Geographic region of US state

On a simple east/west basis, Western Oklahoma is popularly considered that part of the state west of I-35. I-35 creates a north/south line through the approximate center of the main body of the state (i.e., without regard for the Oklahoma Panhandle), passing through Oklahoma City, the state capital.

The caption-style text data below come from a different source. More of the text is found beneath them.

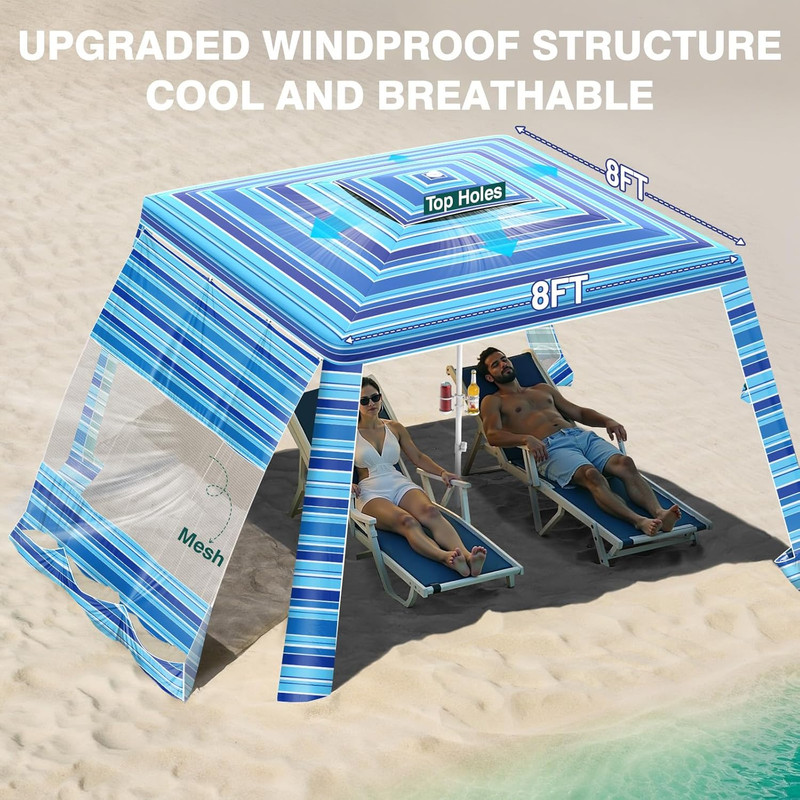 Beach Cabana, 8 * 8FT Beach Tent UPF50+ Protection, Easy Setup Beach Canopy Wind gallery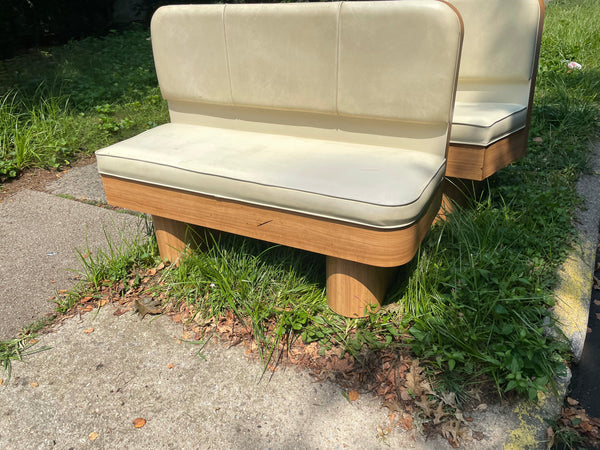 Postmodern Off White Vinyl and Rounded Wood Banquet Bench
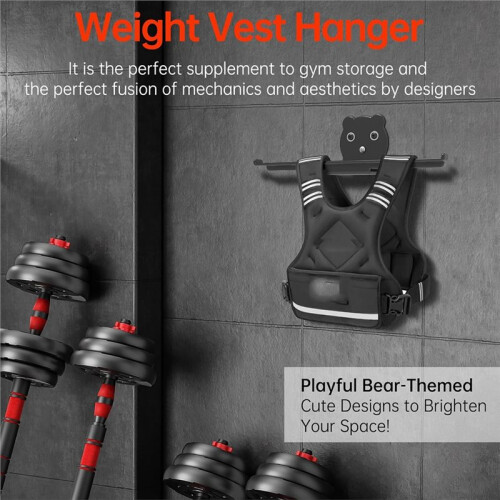 Weight Vest Hanger Wall Mount with Rubber Coating 2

However, other definitions are possible. For tourism purposes, the Oklahoma Tourism and Recreation Department breaks the state into six regions. The 14 counties of Southwest Oklahoma, called Great Plains Country, do all fit west of I-35, including the easternmost counties in the grouping, Stephens and Jefferson. But, while most of the 16 counties of Northwest Oklahoma, called Red Carpet Country, are also west of I-35, the two easternmost in that grouping, Kay and Noble, each have some land area east of I-35. Then, the department includes 12 counties in Central Oklahoma, called Frontier Country, around Oklahoma City. Portions of that grouping, like Canadian County, are entirely west of I-35. And, the department has established a South Central grouping of 7 counties, called Chickasaw Country, some of which, like Carter County, have more land west of I-35 than east.

==Differences from Eastern Oklahoma==
Generally speaking:

The western part of the state has greater elevation than the eastern part, with the highest elevation occurring at Black Mesa in the northwest corner of the Panhandle--about 4,973 ft-- and the lowest near the southeast corner of the State—about 287 ft.

The western part of the state receives less precipitation, with long-term measurements of inches of its annual rainfall ranging from the mid-teens into the 30’s, while in the east averaging from the 30’s to the mid-50’s. Ironically, however, the higher elevations in the west produce greater annual inches of snowfall, ranging from the low 30’s in the Panhandle to single digits in the east.

The state has a pronounced difference from west to east in terms of plant cover. West of I-35 is predominantly western prairie-type vegetation while east of that line is the beginning of deciduous forests. Even grasslands vary, going from shortgrass in the west transitioning to mixed grass in the central part of the state and on to tallgrass in the east.

Western Oklahoma is known for Port Silt Loam—commonly known as Red Dirt—which is Oklahoma’s official state soil.